Cerca de 10 mil deslocados vindos da Turquia chegaram em apenas um dos dias do mês de março de 2020, quando o governo turco decidiu romper com o polêmico acordo firmado com a União Europeia quatro anos antes e liberou a chegada de migrantes à fronteira grega. O grupo foi impedido de prosseguir na região de Evros, ao longo dos mais de 200 km de fronteira entre Turquia e Grécia. A fronteira turco-greca foi um dos epicentros do grande fluxo migratório que ocorreu em 2015 e que ficou marcado por cenas como a do menino curdo-sírio Alan Kurdi, encontrado morto em uma praia turca em setembro daquele ano.

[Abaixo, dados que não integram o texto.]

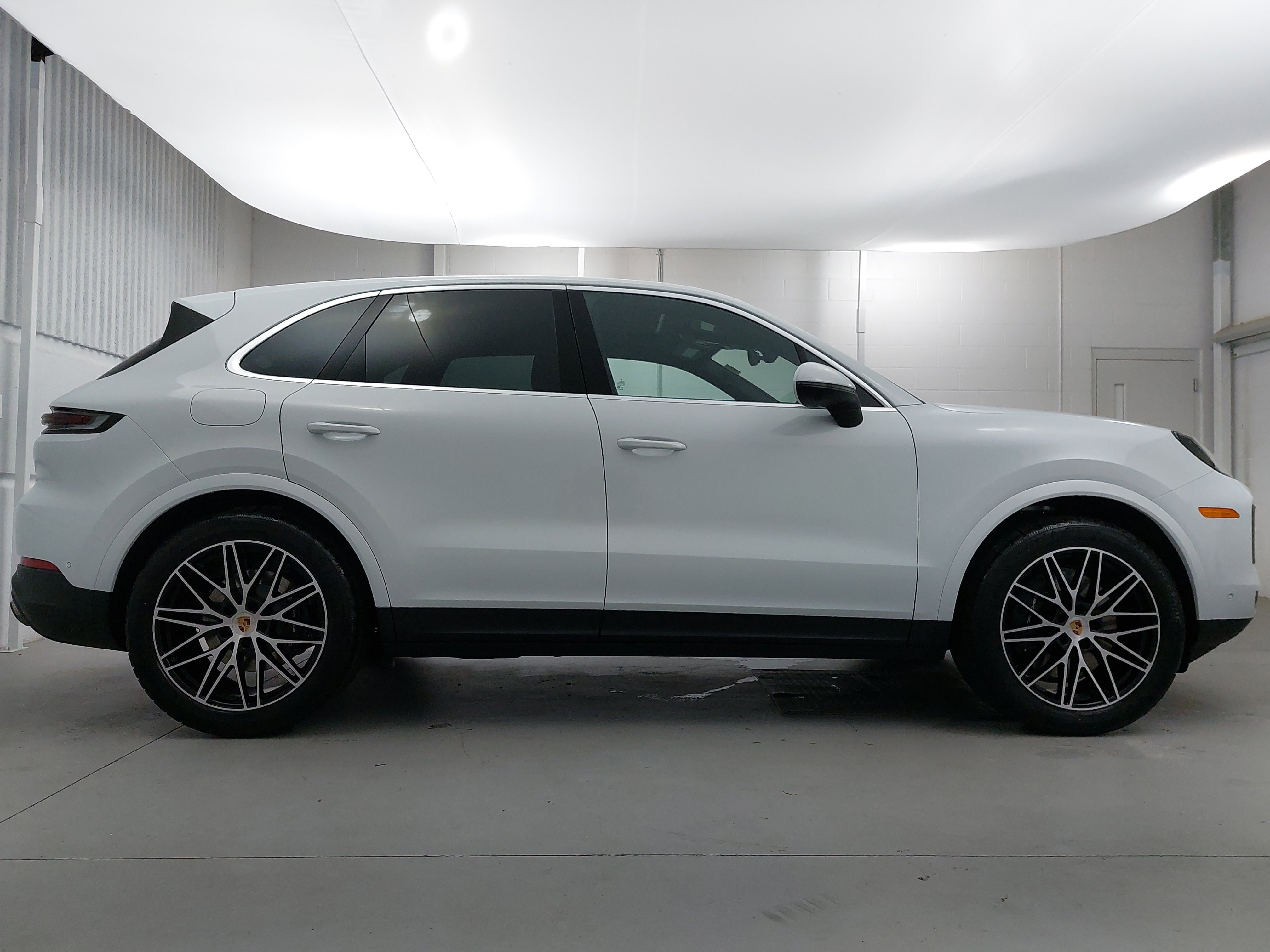 New 2025 Porsche Cayenne image 8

Seguindo a linha húngara de medidas que vão contra os tratados da ONU, o jornal norte-americano The New York Times apurou que mais de 100 migrantes foram deixados em alto mar entre 2019 e 2020. Times François Crépeau, ex-observador de questões migratórias e direitos humanos da ONU classificou que ‘essas deportações são totalmente ilegais em todos os seus aspectos, seja na lei internacional ou nas leis da União Europeia’.

Além dessas deportações que corroboram com o aumento das crises humanitárias europeias, se tornou constante no ano passado relatos de deportações ilegais dentro do próprio território grego. Os casos são ainda mais frequentes na fronteira de Evros. O presidente do Conselho Grego de Refugiados, Vassilis Papadopoulos, reportou que o cenário dessas deportações ilícitas acontece quase sempre de uma mesma forma, dando a ideia de que os procedimentos seguem um padrão:

“Vans da polícia chegam ao campo, e os policiais fazem uma breve checagem das pessoas que ainda não estão registradas. Eles pedem seus papéis. Eles os detêm e dizem que serão levados para a delegacia, ou para verificação de documentos ou para fornecimento de documentos novos e, em vez disso, de acordo com as denúncias, são devolvidas à Turquia” completa Papadopoulos.

Mesmo diante do grave cenário, os governantes responsáveis pelo controle do fluxo migratório aprovam todas as medidas tomadas. Notis Mitarakis, ministro da Grécia de Migração e Asilo, disse à uma emissora estatal grega em abril do ano passado que ‘não houve nenhuma chegada a nosso país em abril de 2020 graças aos grandes esforços feitos por nossas forças de segurança’. Em comparação ao ano passado, houve uma queda de 73% no pedido de asilo em território grego nos quatro primeiros meses de 2021, segundo o próprio Ministério de Migração e Asilo. Em junho, por exemplo, pouco mais de 200 requerentes de asilo apenas foram barrados em Evros.